Feeding Broiler Breeders (Parent Stock)
Producers of broiler parent stock (broiler breeders) have the sole aim of obtaining the maximum number good-quality, fertile eggs and hatched broiler chicks. Parent stock will clearly possess the fast growing traits required by broiler birds, but these parent birds gain weight too quickly and hens suffer reduced egg production. Clearly there is an obvious conflict of interests to ensure proper growth and development with maximum egg production. This problem is overcome by carefully planned feed restriction using the following guidelines:
• Producers must ensure broiler breeder birds attain their mature weight at 24 weeks of age
• Give crushed millet or maize once per day during the rearing period and increase to three times a day during the laying period. Throw cereal on to the litter. Birds scramble for the grains, exercise and burn off fat
• Reduce feed by 5 g a day, for every 50 g a bird registers over the optimum weight
• If rearing males and females separately, provide males with 30g of extra feed per day. If reared together only increase the feed by 5 g a day for each male bird.

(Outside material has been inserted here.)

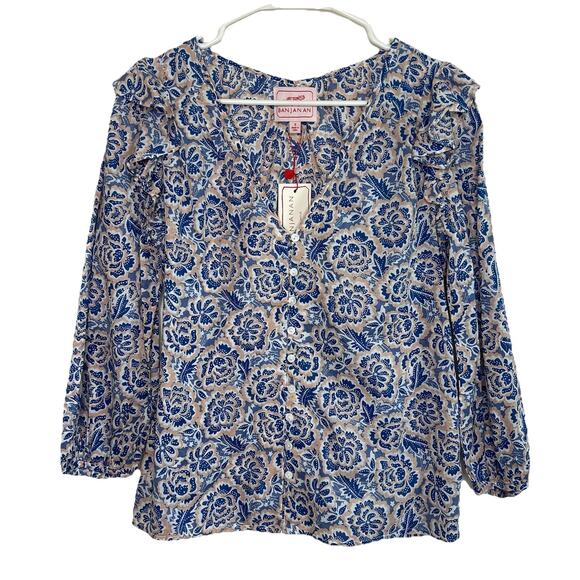 Anthropologie Banjanan Small Elise Top Ruffle Floral Button Up V-neck New R23 - Picture 1 of 8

Broiler Breeder Management
Broiler breeder production employs a system much like that used to rear laying bird chicks. Use the same vaccination programme plus administration of an avian encephalomyelitis vaccine in the drinking water when birds are 18 weeks old. Cull low-quality chicks (usually 3-5 per cent) at 6 weeks and use the same pattern of lighting offered to layer birds.

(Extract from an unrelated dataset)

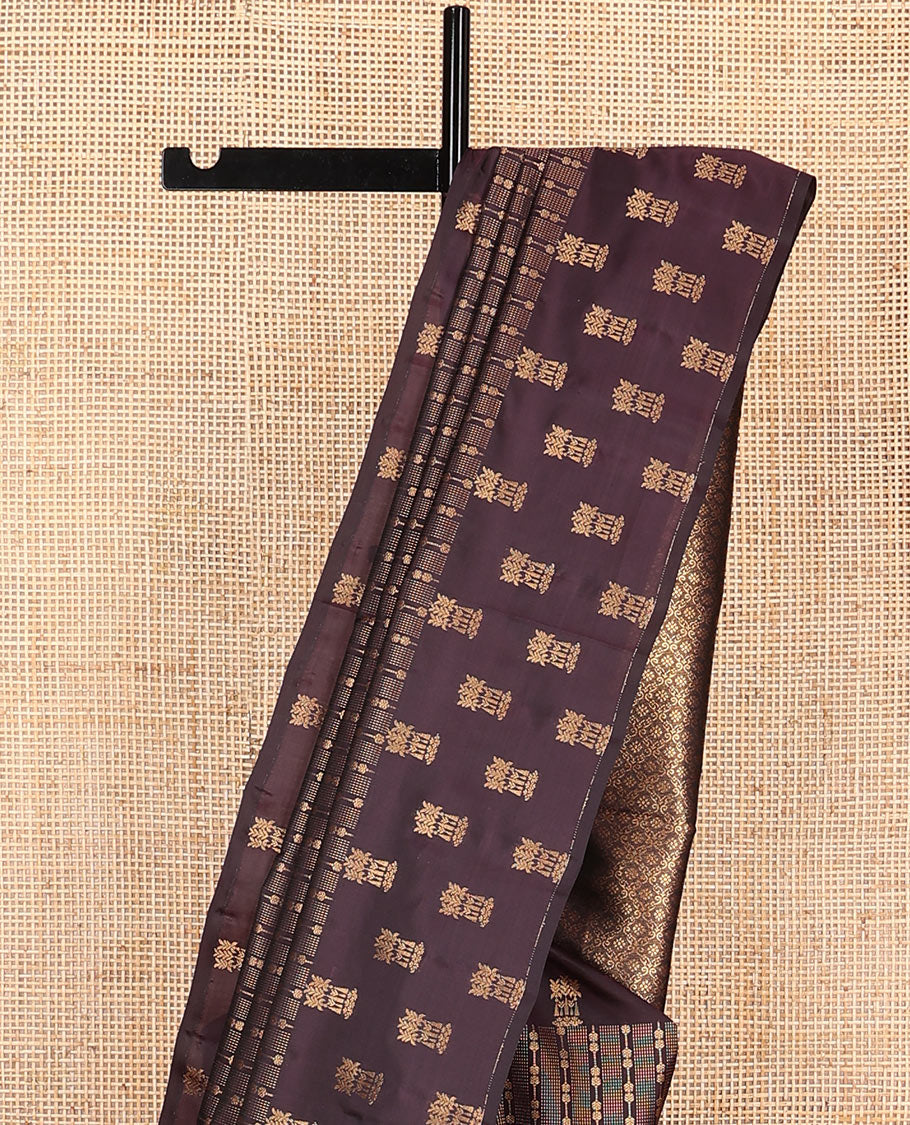 Brown Vasundhara Lite-Silk Mix Saree Woven with Zari Designs, Subtly Sparked with Intricately Designed Border, Elevated with Ogee Patterned Pallu, and a Matching Plain Blouse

Immature broiler breeder birds eat excessively to satisfy their inherent (custom-bred) fast growth rates. As a result they grow too fast and become grossly overweight. Compensatory feed restriction techniques, including reduction in daily ration, low protein, high-fibre diet; miss a day feeding, restricting time access to feed and low lysine levels, are required to alleviate the problem.

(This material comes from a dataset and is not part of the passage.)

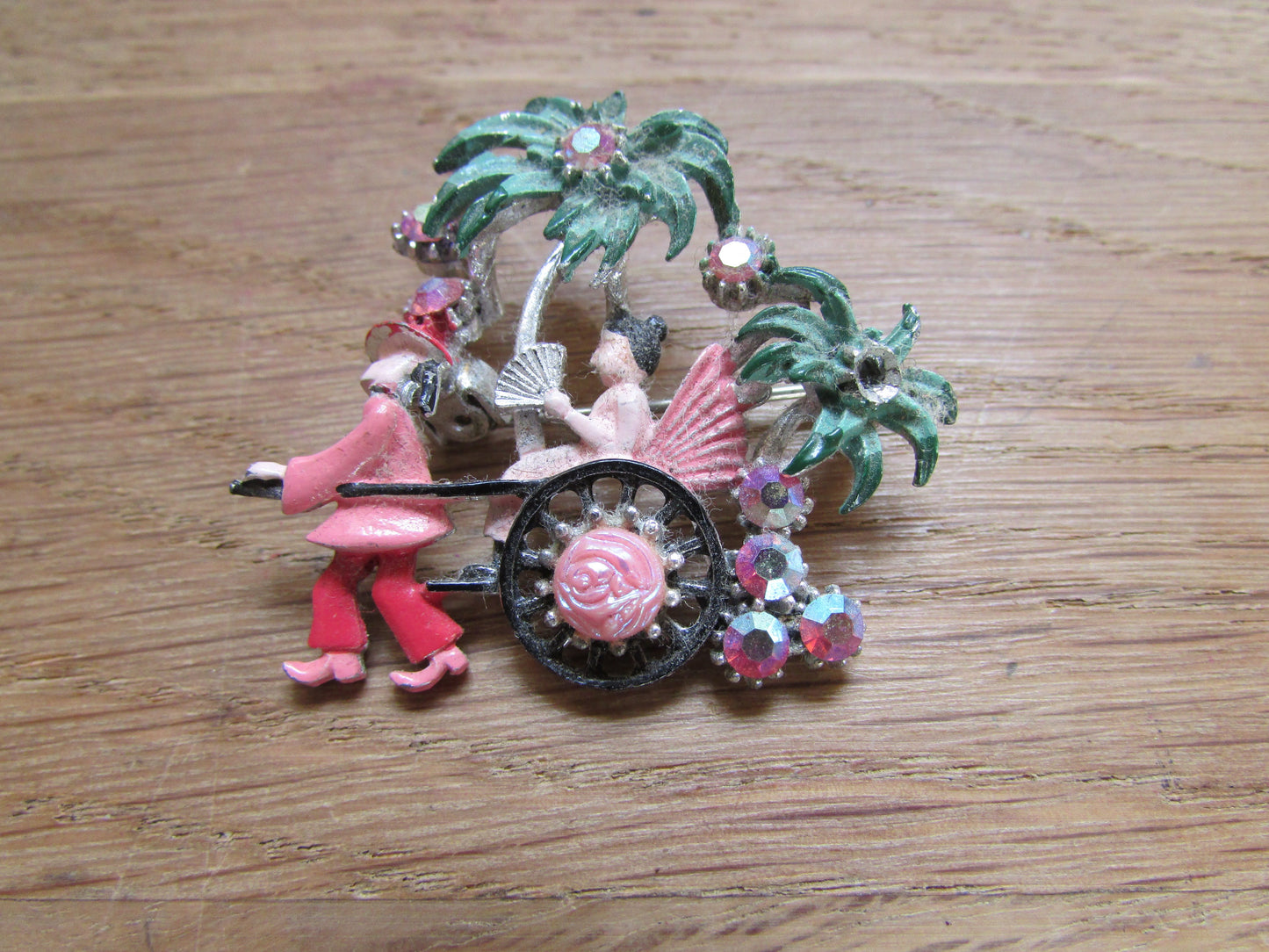 Mid-century cold painted enamel Japanese rickshaw brooch with diamanté detail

On balance it is best to rear cockerels and hens separately at first because they have differing nutrient requirements. For instance, cockerels require higher inclusions of calcium and phosphorous. The sexes can then be mixed at 12 to 14 weeks using a ratio of 8-10 hens to one cockerel. All pullets and cockerels should be re-housed in laying quarters at the same time when 21 weeks of age. And with a lighting regime as for layers, broiler breeders should attain full egg production between 30 and 33 weeks of age.
Specific problems may arise in the tropics because the inherently heavier broiler breeders are more susceptible to heat stress than are birds from standard laying strains. For health considerations laying houses should be well away from houses where immature birds are being reared. Once vacated, houses used for rearing immature birds must be thoroughly cleaned and left for at least three weeks before introducing new chicks.